[Source data]
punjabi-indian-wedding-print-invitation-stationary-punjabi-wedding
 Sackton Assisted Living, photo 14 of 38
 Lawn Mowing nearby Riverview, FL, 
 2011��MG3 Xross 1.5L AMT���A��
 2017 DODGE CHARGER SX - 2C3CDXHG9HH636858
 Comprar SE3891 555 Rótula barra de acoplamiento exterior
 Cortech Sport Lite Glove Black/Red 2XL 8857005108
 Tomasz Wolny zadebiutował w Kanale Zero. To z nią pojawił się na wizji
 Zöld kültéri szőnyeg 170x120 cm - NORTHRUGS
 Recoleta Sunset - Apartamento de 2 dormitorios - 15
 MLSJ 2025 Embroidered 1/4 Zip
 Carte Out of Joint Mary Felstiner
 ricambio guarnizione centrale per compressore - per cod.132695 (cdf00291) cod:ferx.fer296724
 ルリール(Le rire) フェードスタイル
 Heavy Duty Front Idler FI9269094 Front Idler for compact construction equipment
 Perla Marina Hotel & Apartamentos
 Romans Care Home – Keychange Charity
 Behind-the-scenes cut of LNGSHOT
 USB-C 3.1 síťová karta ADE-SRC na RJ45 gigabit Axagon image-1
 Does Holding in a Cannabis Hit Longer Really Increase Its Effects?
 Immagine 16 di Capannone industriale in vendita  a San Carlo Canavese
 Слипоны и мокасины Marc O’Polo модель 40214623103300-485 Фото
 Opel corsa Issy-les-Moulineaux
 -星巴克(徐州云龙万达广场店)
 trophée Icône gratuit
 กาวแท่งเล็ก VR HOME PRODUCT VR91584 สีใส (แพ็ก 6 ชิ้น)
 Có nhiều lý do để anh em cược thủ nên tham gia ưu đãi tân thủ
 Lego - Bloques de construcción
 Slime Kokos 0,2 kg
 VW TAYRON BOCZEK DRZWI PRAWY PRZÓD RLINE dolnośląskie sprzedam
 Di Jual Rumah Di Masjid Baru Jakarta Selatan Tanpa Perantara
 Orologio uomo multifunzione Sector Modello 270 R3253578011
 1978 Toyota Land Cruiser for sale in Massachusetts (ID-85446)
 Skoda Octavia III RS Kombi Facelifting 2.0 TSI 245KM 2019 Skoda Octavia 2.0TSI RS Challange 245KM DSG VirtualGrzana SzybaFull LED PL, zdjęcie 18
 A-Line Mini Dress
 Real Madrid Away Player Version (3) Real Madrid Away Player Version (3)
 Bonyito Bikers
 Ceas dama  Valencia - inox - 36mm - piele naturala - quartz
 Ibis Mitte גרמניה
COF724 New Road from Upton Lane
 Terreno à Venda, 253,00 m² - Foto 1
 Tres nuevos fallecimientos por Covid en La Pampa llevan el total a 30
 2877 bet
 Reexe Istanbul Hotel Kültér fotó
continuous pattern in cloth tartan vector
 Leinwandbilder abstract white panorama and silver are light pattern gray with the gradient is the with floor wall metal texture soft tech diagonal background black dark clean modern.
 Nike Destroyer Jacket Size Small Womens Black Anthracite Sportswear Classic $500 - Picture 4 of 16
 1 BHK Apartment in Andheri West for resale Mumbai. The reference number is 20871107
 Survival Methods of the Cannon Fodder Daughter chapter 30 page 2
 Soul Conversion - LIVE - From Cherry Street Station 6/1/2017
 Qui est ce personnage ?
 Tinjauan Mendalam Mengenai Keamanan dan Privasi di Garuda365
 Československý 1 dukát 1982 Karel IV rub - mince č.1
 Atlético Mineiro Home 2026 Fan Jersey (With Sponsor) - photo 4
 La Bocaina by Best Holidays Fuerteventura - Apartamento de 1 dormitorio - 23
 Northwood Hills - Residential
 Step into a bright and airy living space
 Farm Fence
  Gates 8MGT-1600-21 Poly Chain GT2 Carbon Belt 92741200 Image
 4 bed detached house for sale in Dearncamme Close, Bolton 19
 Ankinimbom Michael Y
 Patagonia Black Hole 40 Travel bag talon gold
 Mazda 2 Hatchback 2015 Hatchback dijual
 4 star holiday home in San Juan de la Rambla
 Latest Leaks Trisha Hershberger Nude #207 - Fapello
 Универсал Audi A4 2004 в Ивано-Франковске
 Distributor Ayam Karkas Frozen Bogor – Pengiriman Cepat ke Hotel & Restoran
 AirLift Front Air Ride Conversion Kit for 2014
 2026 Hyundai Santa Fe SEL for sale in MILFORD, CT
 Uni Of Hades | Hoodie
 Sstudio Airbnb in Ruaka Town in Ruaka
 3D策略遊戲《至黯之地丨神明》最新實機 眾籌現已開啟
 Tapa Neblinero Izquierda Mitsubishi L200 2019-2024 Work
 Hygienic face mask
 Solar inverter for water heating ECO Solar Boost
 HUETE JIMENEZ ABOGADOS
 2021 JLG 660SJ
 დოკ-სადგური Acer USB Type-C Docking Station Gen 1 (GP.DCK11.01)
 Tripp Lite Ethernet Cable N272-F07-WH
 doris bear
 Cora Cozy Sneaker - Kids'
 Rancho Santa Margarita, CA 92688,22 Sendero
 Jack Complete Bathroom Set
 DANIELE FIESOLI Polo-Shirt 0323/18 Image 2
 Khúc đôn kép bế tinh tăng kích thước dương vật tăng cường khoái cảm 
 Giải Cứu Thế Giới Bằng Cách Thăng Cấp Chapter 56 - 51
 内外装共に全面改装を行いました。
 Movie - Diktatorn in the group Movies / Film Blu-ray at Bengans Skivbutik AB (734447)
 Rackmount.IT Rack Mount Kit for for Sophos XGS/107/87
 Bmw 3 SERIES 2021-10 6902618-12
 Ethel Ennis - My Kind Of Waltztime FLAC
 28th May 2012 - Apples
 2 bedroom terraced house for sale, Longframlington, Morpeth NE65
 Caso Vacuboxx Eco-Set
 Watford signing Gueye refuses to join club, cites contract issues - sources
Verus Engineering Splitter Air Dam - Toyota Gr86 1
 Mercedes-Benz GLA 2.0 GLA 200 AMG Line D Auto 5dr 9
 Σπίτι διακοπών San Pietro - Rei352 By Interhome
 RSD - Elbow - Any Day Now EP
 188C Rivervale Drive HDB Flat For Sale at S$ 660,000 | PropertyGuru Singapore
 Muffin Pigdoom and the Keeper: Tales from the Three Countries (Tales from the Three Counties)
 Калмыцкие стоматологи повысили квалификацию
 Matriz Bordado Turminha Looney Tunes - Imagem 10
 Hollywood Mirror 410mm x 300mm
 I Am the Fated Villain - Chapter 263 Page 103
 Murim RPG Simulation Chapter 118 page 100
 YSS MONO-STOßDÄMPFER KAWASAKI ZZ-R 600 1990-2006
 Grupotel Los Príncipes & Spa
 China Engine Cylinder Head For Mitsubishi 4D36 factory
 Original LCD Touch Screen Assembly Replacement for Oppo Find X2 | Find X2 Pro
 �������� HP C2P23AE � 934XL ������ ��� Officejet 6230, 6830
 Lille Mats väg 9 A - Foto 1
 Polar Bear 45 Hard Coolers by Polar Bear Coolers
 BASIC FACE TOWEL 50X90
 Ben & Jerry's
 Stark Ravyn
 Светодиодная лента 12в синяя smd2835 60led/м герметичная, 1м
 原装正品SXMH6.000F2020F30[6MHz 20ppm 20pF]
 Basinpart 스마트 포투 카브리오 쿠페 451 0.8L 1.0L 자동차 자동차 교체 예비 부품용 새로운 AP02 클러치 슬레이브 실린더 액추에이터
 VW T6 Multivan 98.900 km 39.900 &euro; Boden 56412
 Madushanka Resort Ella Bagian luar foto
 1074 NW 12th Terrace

■ About this task
Give again, exactly as written, every line from the first one above through the line that has "ルリール(Le rire) フェードスタイル" in it.

■ Written response
punjabi-indian-wedding-print-invitation-stationary-punjabi-wedding
 Sackton Assisted Living, photo 14 of 38
 Lawn Mowing nearby Riverview, FL, 
 2011��MG3 Xross 1.5L AMT���A��
 2017 DODGE CHARGER SX - 2C3CDXHG9HH636858
 Comprar SE3891 555 Rótula barra de acoplamiento exterior
 Cortech Sport Lite Glove Black/Red 2XL 8857005108
 Tomasz Wolny zadebiutował w Kanale Zero. To z nią pojawił się na wizji
 Zöld kültéri szőnyeg 170x120 cm - NORTHRUGS
 Recoleta Sunset - Apartamento de 2 dormitorios - 15
 MLSJ 2025 Embroidered 1/4 Zip
 Carte Out of Joint Mary Felstiner
 ricambio guarnizione centrale per compressore - per cod.132695 (cdf00291) cod:ferx.fer296724
 ルリール(Le rire) フェードスタイル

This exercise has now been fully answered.